Dataset section START

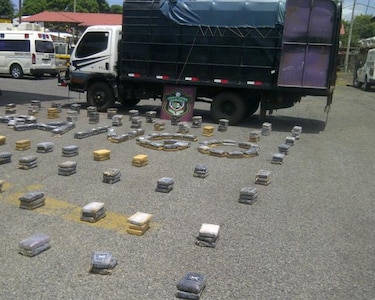 Formulan cargos a conductor que transportaba 394 kilos de cocaína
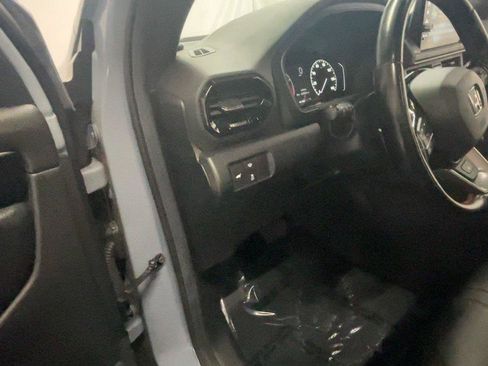 Used 2024 Honda Pilot TrailSport image 31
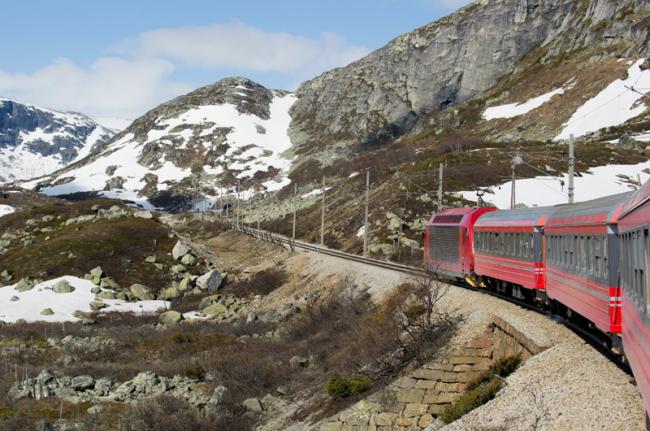 Ferrocarril Oslo-Bergen, Noruega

Dataset section END

• [What to work on]:
An exact transcription of the material is required, without any pictures.

• [Exercise answer]:
 Formulan cargos a conductor que transportaba 394 kilos de cocaína
 Used 2024 Honda Pilot TrailSport image 31
 Ferrocarril Oslo-Bergen, Noruega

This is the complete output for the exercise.